Exercise input:
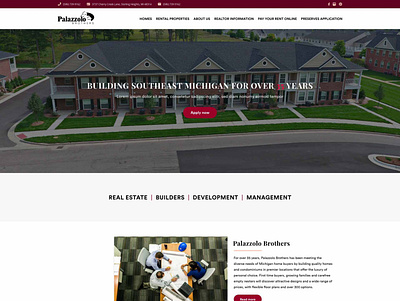 Palazzolo Brothers Website adobe xd web design web development wordpress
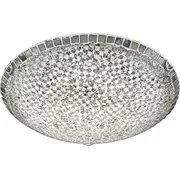 Griestu lampa Trio stikla sudraba Mosaique Led 673012489 
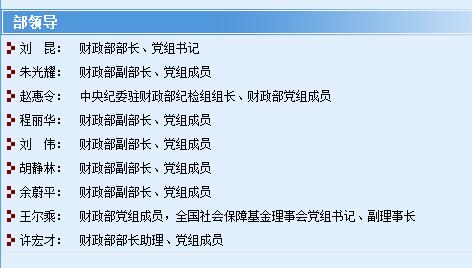 必發(fā)心水資料論壇,劉昆“重回”財政部擔(dān)任黨組成員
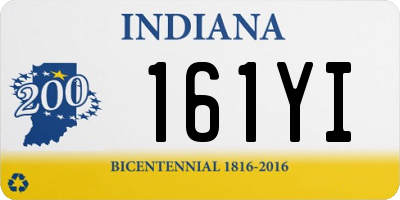 IN license plate 161YI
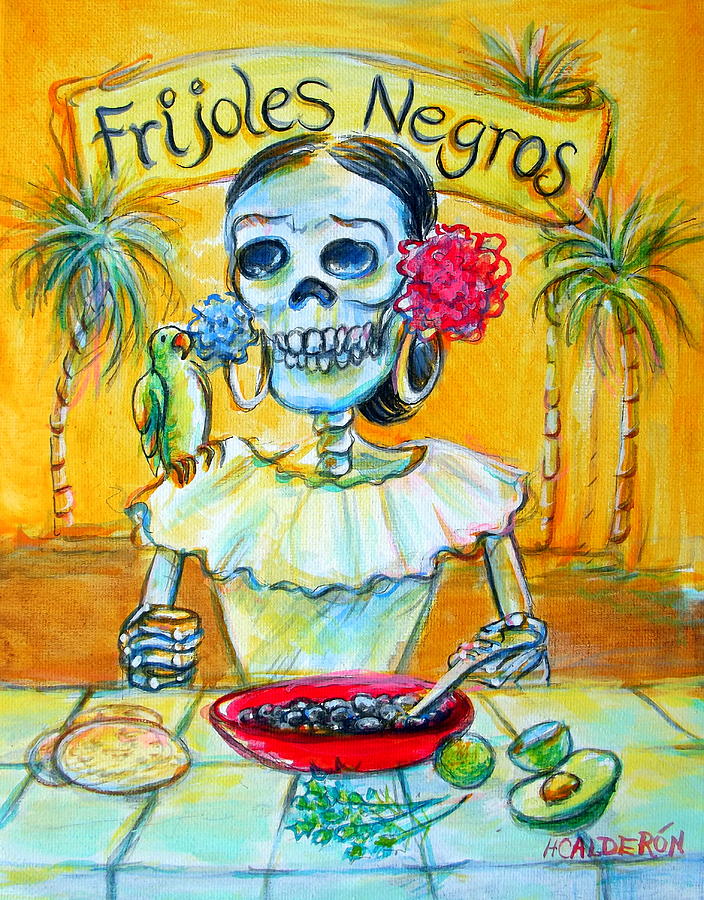 Frijoles Negros Painting by Heather Calderon
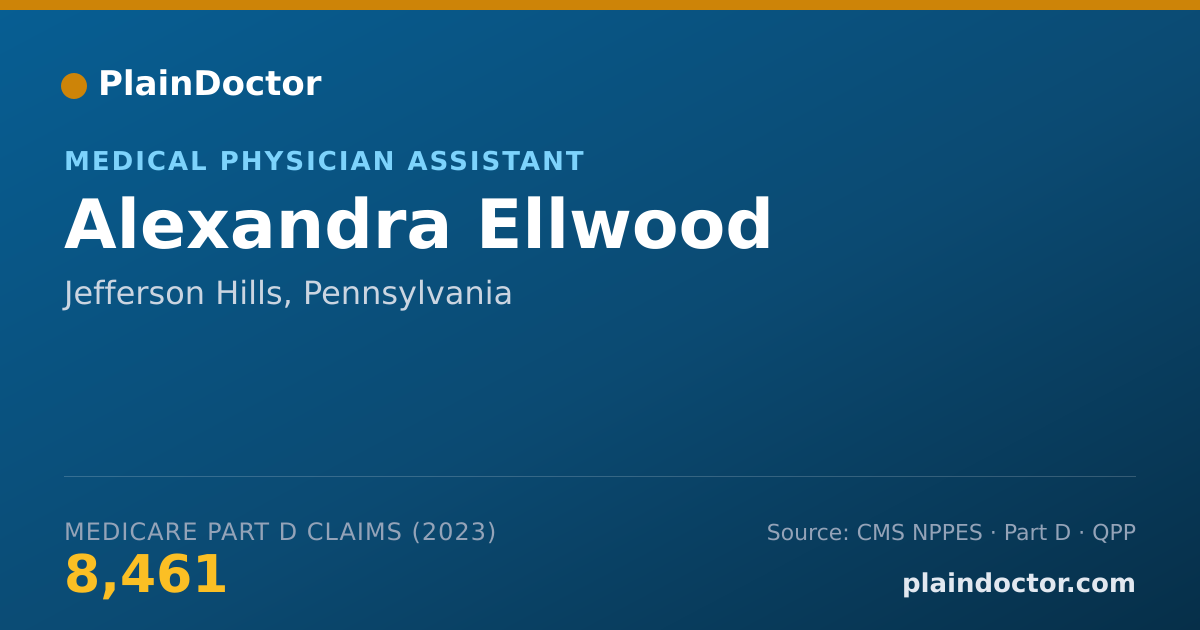 Shareable card for Alexandra Ellwood - Medical Physician Assistant, Jefferson Hills, PA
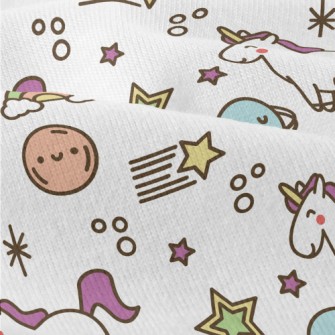 小行星與獨角獸仿棉布(幅寬150公分)
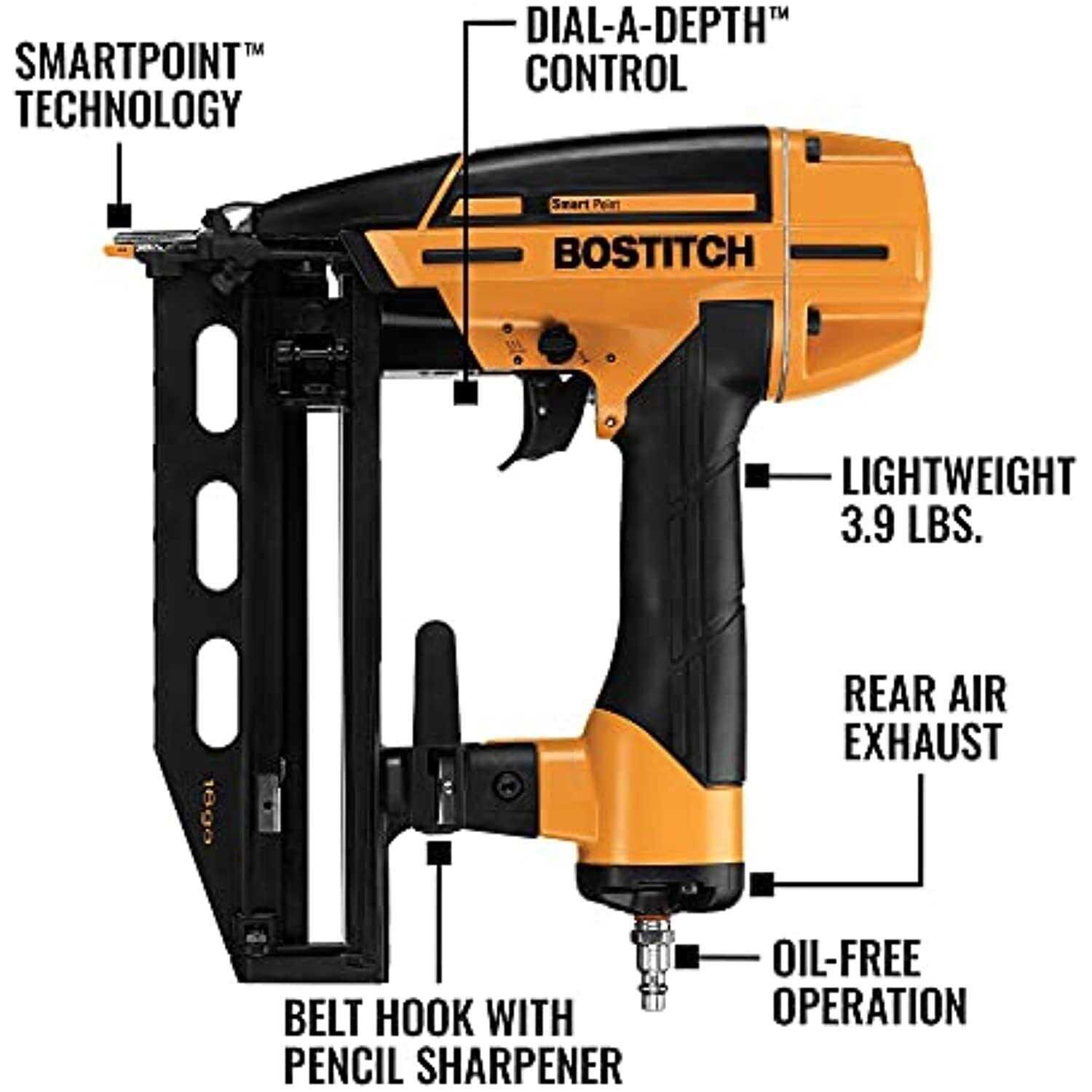 Bostitch BTFP71917 Smart Point Finish Nailer - Cheap Fitting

Task prompt: When copying the listing, print each line exactly but leave out every picture.

The completed task:
 Palazzolo Brothers Website adobe xd web design web development wordpress
 Griestu lampa Trio stikla sudraba Mosaique Led 673012489 
 必發(fā)心水資料論壇,劉昆“重回”財政部擔(dān)任黨組成員
 IN license plate 161YI
 Frijoles Negros Painting by Heather Calderon
 Shareable card for Alexandra Ellwood - Medical Physician Assistant, Jefferson Hills, PA
 小行星與獨角獸仿棉布(幅寬150公分)
 Bostitch BTFP71917 Smart Point Finish Nailer - Cheap Fitting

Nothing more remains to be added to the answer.